Le ciel est tombé sur la tête de Kaboré Z. et Paul D. ce vendredi 13 mars 2026. Alors qu’ils savouraient une liberté provisoire, les deux prévenus ont été cueillis à froid par le verdict du Pôle Pénal Économique et Financier (PPEF). Retour sur une audience électrique où le droit de la nature a terrassé les arguments de la défense.
Le rêve à 8 millions vire au cauchemar judiciaire
L’affaire remonte à 2024. Une pointe d’ivoire, arrachée à un éléphant dans les forêts du Liberia, traverse la frontière ivoirienne. Destination : un hôtel d’Anyama. Le prix du deal est fixé à 8 millions de FCFA. Mais la transaction tourne court : les agents des eaux et forêts et les forces de l’ordre mettent fin au commerce illicite.

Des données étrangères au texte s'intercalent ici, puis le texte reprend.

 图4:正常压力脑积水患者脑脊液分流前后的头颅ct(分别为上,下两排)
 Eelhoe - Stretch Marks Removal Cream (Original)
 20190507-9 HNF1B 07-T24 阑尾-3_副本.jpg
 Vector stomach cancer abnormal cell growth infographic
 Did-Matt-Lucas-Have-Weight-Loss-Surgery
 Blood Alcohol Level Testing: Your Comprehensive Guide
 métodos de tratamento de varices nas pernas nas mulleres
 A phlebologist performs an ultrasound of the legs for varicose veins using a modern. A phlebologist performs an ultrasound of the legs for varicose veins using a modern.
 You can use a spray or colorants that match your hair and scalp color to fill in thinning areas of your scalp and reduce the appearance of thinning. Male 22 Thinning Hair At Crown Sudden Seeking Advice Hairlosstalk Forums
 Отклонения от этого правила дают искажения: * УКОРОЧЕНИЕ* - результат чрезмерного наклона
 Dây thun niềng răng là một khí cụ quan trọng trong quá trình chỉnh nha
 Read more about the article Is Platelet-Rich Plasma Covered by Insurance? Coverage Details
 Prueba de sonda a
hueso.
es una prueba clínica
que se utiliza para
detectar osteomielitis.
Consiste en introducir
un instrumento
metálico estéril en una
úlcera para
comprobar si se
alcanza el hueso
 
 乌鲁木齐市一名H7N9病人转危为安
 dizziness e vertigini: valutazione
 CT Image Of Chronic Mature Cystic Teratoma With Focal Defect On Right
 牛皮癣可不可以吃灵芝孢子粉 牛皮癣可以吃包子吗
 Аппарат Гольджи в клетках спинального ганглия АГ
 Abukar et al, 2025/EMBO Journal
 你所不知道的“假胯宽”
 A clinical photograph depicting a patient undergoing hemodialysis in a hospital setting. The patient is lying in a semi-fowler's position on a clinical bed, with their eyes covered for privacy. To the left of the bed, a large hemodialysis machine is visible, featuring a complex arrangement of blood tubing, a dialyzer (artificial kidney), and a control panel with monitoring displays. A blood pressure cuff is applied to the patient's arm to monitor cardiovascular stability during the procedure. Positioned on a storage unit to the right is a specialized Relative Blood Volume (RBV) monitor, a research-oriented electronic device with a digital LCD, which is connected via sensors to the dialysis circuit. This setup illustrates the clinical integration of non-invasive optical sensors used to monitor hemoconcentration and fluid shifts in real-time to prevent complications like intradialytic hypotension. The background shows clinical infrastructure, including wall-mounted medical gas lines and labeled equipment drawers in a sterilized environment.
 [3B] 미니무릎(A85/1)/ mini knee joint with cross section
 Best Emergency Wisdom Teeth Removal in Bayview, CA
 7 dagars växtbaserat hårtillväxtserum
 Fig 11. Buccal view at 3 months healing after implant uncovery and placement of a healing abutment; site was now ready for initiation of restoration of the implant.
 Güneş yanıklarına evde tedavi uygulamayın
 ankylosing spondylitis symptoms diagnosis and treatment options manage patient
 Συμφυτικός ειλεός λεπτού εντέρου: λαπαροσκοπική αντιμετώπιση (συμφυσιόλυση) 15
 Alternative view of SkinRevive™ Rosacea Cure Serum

Incarcérés puis mis en liberté provisoire (la semaine dernière encore pour Kaboré Z.), les deux complices pensaient peut-être que le plus dur était passé. Erreur fatale. Ce vendredi, jour de délibéré, la justice a rappelé que l’éléphant n’est pas qu’un symbole national, c’est un trésor protégé par la loi.
Le « Scandale » de la défense n’a pas pris
Le 6 mars dernier, l’ambiance était montée d’un cran. Me Diallo Souleymane, avocat des prévenus, avait littéralement piqué une colère noire face aux réquisitions du procureur.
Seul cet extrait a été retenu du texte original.